Tulsidas confirms the sentiment of Prahlada Maharaja. Any person who has found the peerless occupation that is devotional service feels the same way. They experienced the life devoid of devotion already. That was their previous life. They tried different aspects of bhukti, mukti and siddhi, which are enjoyment, renunciation and mystic perfection respectively. They rightfully concluded that these things were lacking in taste. It was the same old thing, just done on different days.

śrī-prahrāda uvāca
matir na kṛṣṇe parataḥ svato vā
mitho ’bhipadyeta gṛha-vratānām
adānta-gobhir viśatāṁ tamisraṁ
punaḥ punaś carvita-carvaṇānām

“Prahlada Maharaja replied: Because of their uncontrolled senses, persons too addicted to materialistic life make progress toward hellish conditions and repeatedly chew that which has already been chewed. Their inclinations toward Krishna are never aroused, either by the instructions of others, by their own efforts, or by a combination of both.” (Shrimad Bhagavatam, 7.5.30)

[Prahlada Maharaja]The nature of the playing field is the cause of the lack of taste. In an existence exclusively devoted to material sense gratification, there isn’t enough that can be done to find full satisfaction. We can think of it like the response to regularly taking a specific drug. After enough time, the effectiveness diminishes. The stimulation from a cup of coffee is strong for a person drinking it for the first time. Yet another person can drink the same cup and not feel much, as they are accustomed to consuming caffeine on a regular basis.

The senses become desensitized to more and more sense gratification. Renunciation is then the typical response, but that doesn’t bring lasting happiness either. If the car alarm outside stopped blaring, that would make you happy for a little bit. But then you need something to do after that. After a while, you won’t even remember that the alarm was a problem. Renunciation is not complete happiness; it is simply an aversion to things that have become tasteless.

“But what if someone doesn’t feel this way yet? Yes, the wise person understands that spirit is the essence of all living things. Spirit is what lasts beyond the temporary matter. But why spoil the fun for everyone? Aren’t they better off not knowing about the spiritual nature? If they are happy in sense gratification, just leave them alone. It seems like the more knowledgeable you become, the more you find things in life to be tasteless.”

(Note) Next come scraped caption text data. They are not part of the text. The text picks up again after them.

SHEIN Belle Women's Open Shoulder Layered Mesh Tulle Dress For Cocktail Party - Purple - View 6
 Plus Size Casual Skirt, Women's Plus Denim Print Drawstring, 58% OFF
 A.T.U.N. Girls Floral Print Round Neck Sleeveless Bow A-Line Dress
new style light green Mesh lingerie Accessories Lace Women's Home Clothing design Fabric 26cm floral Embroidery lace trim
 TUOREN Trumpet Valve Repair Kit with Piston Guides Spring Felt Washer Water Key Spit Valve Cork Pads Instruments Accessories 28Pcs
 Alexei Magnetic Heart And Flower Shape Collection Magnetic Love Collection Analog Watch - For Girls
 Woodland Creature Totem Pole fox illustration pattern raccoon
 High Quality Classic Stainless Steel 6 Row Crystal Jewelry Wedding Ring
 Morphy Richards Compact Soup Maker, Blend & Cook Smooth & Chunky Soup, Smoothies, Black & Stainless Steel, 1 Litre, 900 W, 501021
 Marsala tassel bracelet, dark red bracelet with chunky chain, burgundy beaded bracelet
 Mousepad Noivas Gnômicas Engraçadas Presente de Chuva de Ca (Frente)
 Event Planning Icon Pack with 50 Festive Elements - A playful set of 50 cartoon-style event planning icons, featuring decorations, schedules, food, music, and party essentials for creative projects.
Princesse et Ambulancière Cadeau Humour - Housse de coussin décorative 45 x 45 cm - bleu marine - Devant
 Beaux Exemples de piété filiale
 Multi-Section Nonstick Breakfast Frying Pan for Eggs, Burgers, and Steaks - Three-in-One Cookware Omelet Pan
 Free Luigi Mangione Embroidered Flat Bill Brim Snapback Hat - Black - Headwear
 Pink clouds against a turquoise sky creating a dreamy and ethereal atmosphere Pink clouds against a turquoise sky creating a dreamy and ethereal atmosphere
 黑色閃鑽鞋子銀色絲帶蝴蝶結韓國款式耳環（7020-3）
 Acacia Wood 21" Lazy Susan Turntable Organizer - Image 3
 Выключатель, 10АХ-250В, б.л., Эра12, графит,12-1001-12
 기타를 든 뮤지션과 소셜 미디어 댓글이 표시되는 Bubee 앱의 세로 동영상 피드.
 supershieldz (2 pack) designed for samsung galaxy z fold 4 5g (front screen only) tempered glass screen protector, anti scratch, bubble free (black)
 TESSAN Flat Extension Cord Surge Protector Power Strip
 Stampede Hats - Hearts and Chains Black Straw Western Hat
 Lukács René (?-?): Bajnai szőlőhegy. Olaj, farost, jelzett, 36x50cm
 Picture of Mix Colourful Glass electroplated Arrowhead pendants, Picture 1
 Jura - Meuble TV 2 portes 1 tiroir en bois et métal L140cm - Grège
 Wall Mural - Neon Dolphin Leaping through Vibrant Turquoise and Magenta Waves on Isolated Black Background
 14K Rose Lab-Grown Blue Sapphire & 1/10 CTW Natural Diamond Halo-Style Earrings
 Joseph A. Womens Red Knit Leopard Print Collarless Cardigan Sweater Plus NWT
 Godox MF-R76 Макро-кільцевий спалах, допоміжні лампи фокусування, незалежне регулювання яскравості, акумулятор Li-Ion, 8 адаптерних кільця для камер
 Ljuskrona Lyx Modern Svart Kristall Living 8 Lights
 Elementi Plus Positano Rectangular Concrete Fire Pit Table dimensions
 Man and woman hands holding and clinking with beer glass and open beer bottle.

[Sesame Street]These are sound objections, as what purpose is served by giving people a jaded outlook on life? The idea is that with intelligence comes a higher taste. We know that certain television programming appeals to children. We know that children prefer to play with toys. We also know that one day they will grow out of the phase. As adults they will find something else appealing. And just because the children are happy it doesn’t mean that their activities are more important than what adults do to find happiness.

In the same way, the spiritual activities of service to the Divine are more important and bring a higher taste. If someone is in ignorance, it doesn’t mean that their preferred activities somehow become more worthwhile than that which is done by people with intelligence.

Goswami Tulsidas and Prahlada Maharaja don’t aim to ruin anyone’s fun. As wise souls, they see into the future. They know that eventually everyone will wise up, that they will see that the temporary is not worth dying over. The temporary objects and temporary relationships will eventually leave the individual back in the same position. It is like going around in a circle, which isn’t a wise utilization of time.

Devotional service is worthwhile even for the less intelligent, since it accurately predicts the future mindset. The parents know that the child will appreciate their education when they are older. They may not know what is good for them now, but eventually they will realize it. Similarly, the knowledge that the higher taste is in devotion to the Supreme Lord is always worth having.

[Rama's lotus feet]Better still if the individual acts upon the wise counsel after receiving it. Tulsidas gives this advice to the mind on a daily basis, as it is difficult to remember. We somehow think that one more spin of the wheel of material existence will yield a different result, when it actually won’t. Rama is the deity of choice for Tulsidas, but Rama is the same Vishnu worshiped by Prahlada Maharaja. Rama is the same Krishna who delivers spotless words of advice to the warrior Arjuna. Rama is the detail behind the abstract image of God.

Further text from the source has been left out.